Re: FAI and SSSM

From: Bill Hibbard (
Date: Fri Dec 13 2002 - 11:57:32 MST

Hi Eliezer,

> What about processes that construct themselves? Does it make sense to
> describe the child of the child of the child of the child of the mind that
> humans originally built as an "artifact constructed by humans"? Is it
> useful to describe it so, when it shares none of the characteristics that
> we presently attach to "machines"? Call it a mind, or better yet an
> entity; we might be wrong on both counts but at least we won't be quite as
> wrong as if we use the word "machine".
> Yes, I'm arguing over the definition of a word; deliberately so because I
> think that people expect certain characteristics to hold true of
> "machines", and that these characteristics don't hold true of SIs
> (superintelligences). I would expect an originally human SI and an
> originally human-built SI to have more in common with each other than
> either would have in common with a modern-day human or a human-equivalent
> AI, and I would expect even a half-grown AI to have almost nothing in
> common with the physical objects we categorize as "machines".

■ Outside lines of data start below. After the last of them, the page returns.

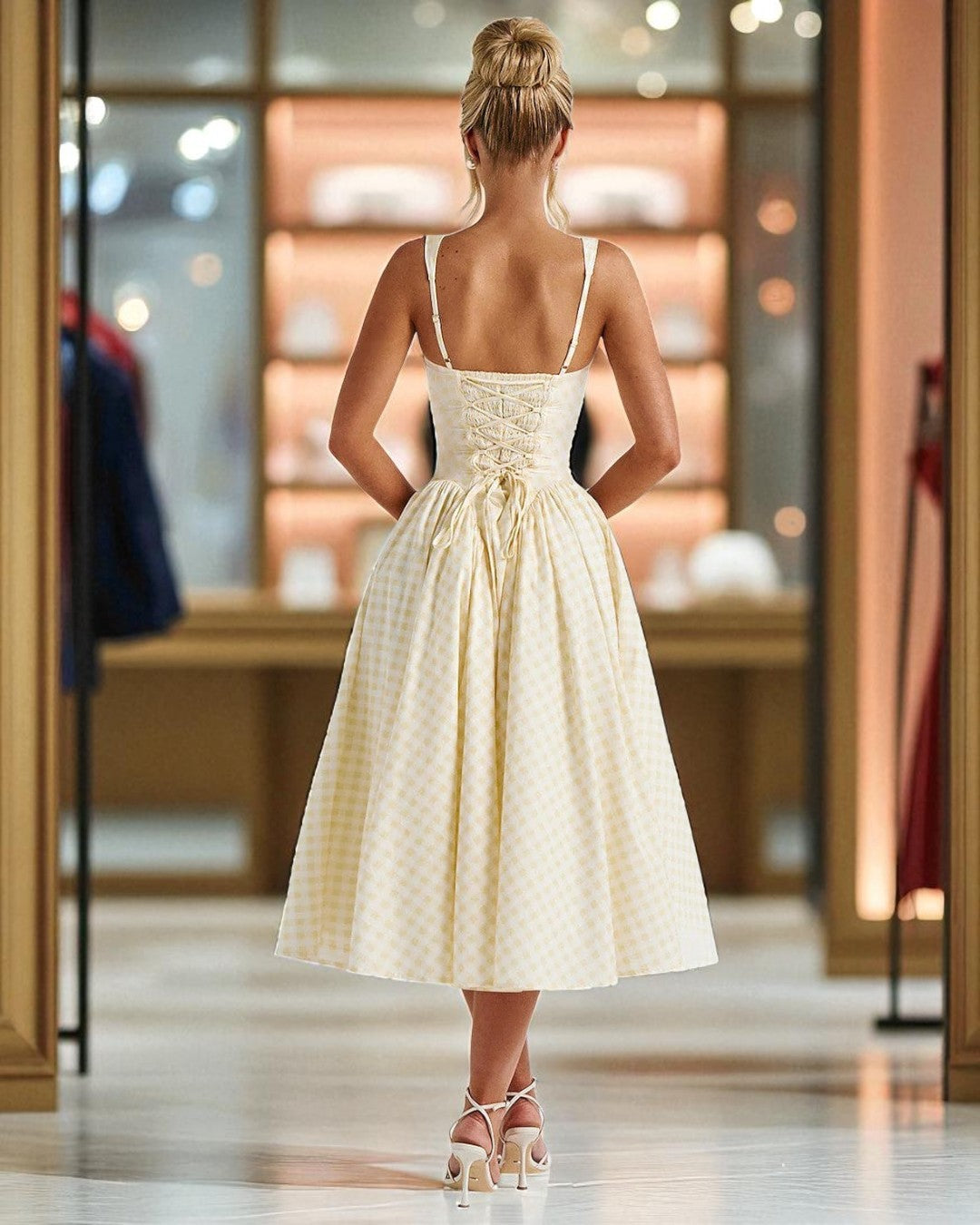 Hazel Midi Dress - Light Yellow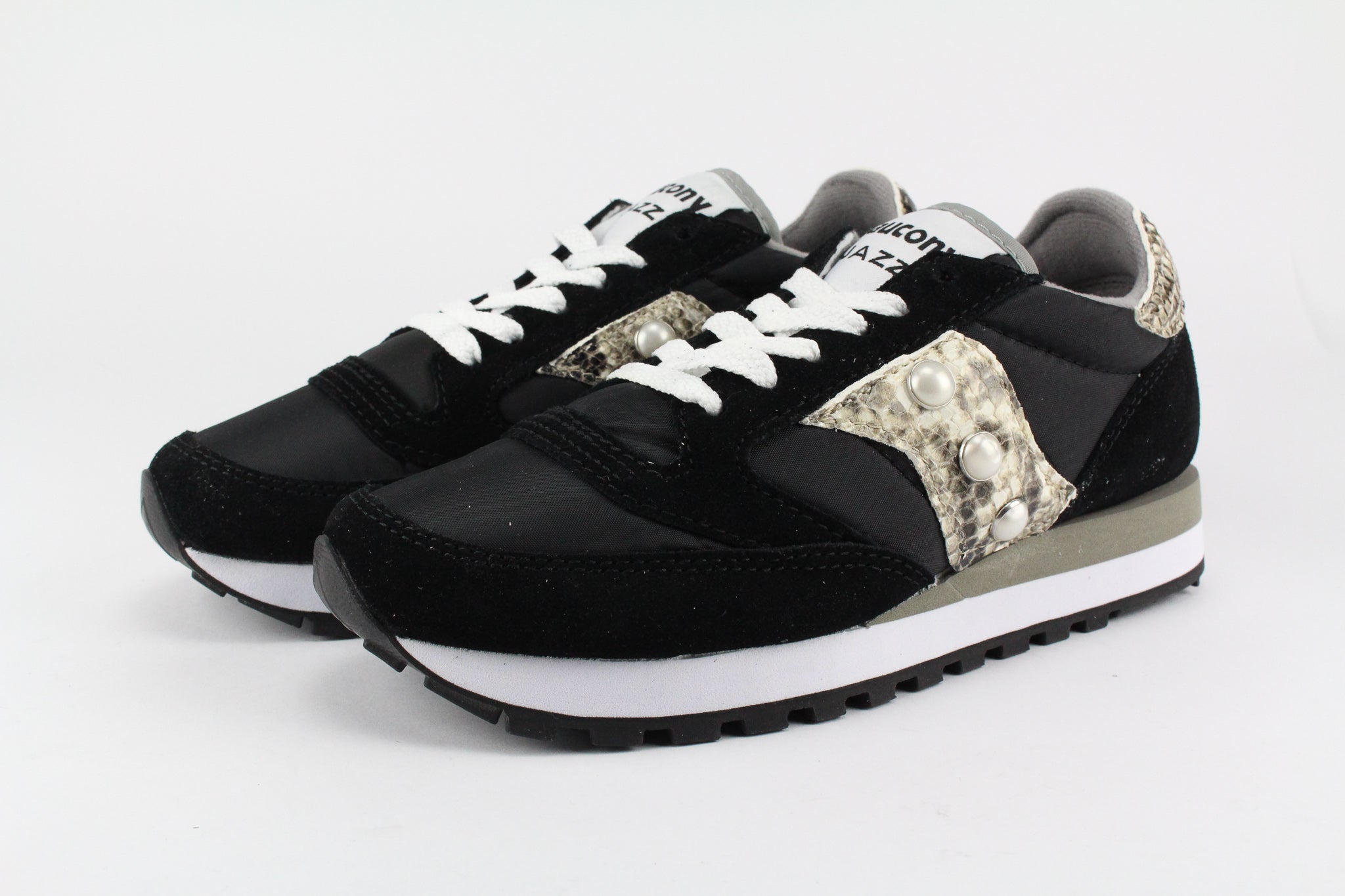 Saucony Jazz Black Personalizzate Pitone & Perle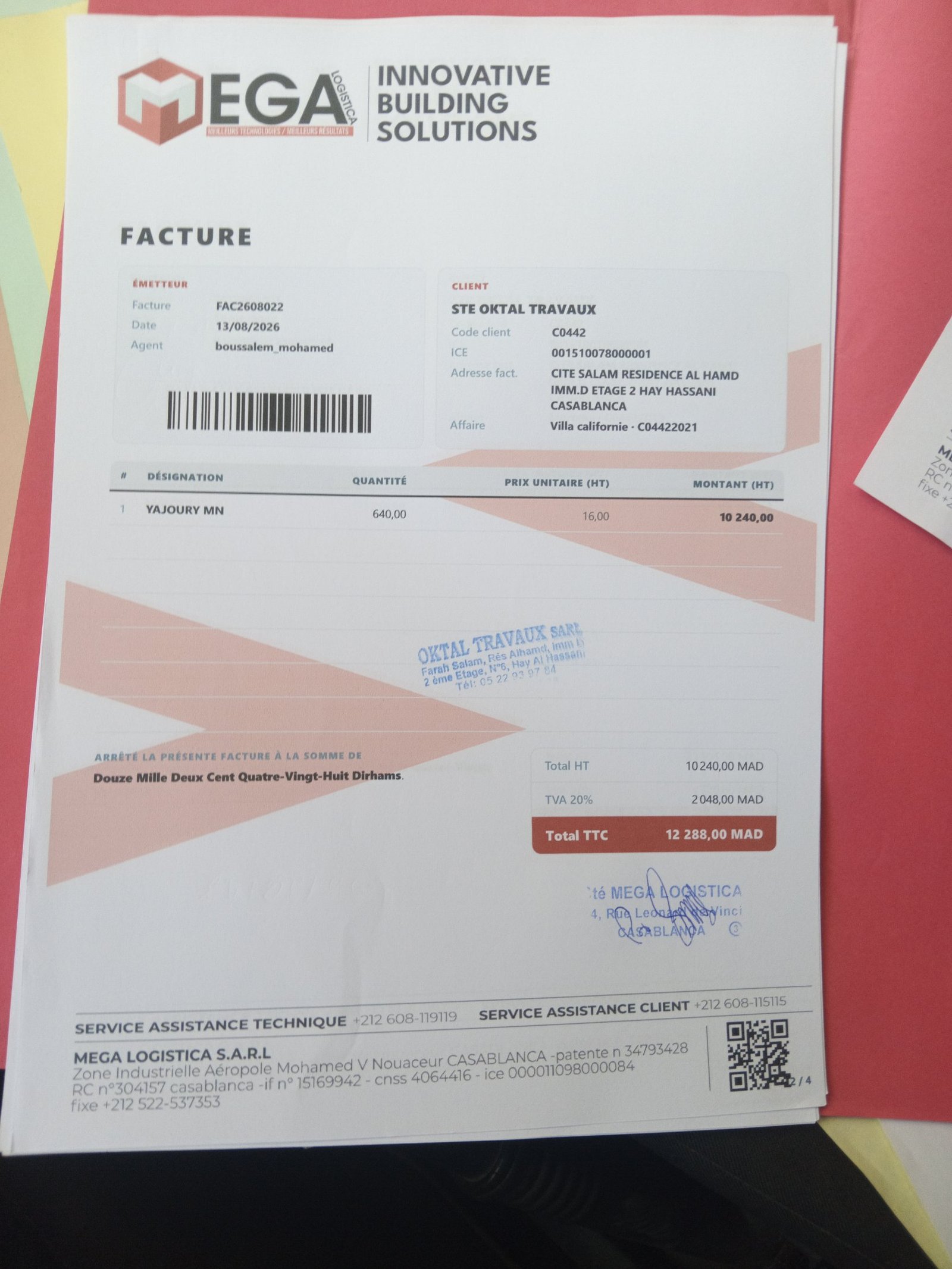 Image facture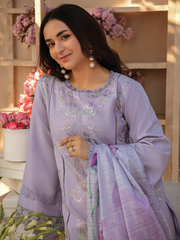Rang Rasiya Florence Embroidered Lawn Unstitched 3Pc Suit D-06 HANEEN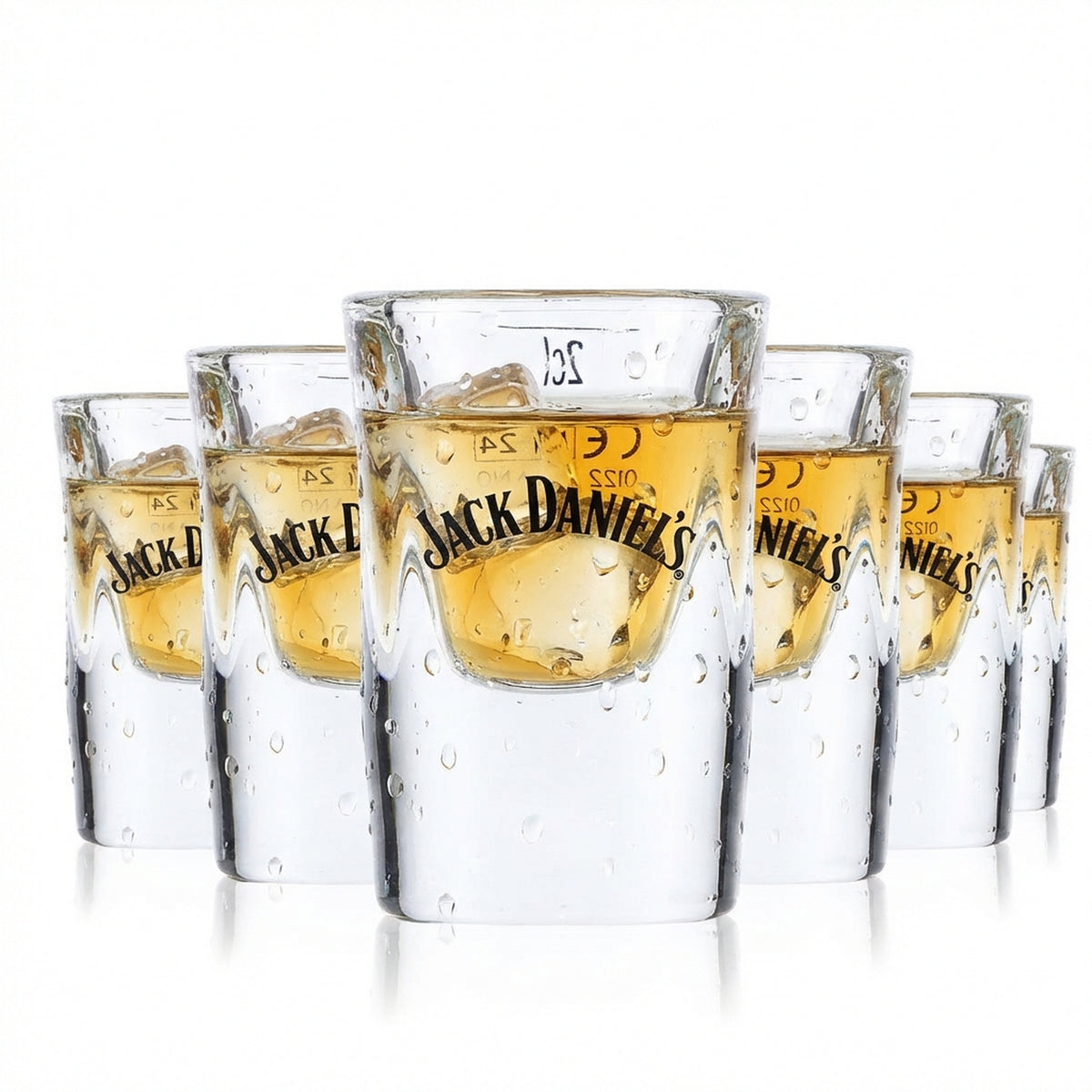 6x Jack Daniels Whisky Shotglas 2cl Stamper Kurzer Schnaps Gläser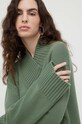 Lovechild sweter wełniany 8613459 zielony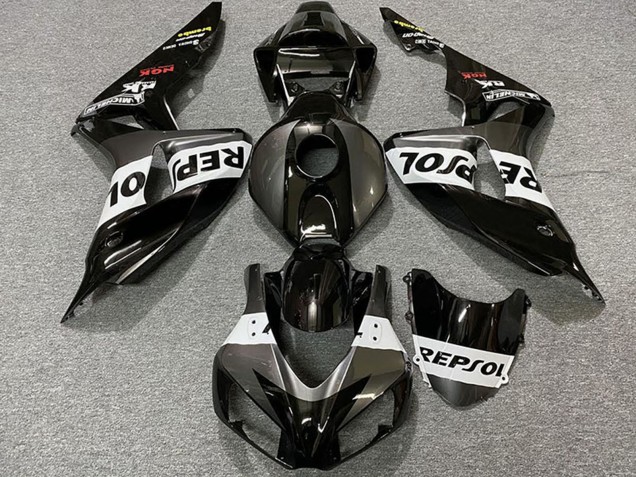 2006-2007 Honda CBR1000RR Motorcycle Fairings - Grey White Glossy Black Repsol Canada for Sale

I get at the same issue in my book by referring to them as
both machines and gods.

> Perhaps the complex behavior of planning is emergent in the simple
> behavior of reinforcement, as well as the simple behavior of reinforcement
> being a special case of the complex behavior of planning. I don't think
> so, but then I haven't tried to figure out how to do it, so I wouldn't
> know whether it's possible.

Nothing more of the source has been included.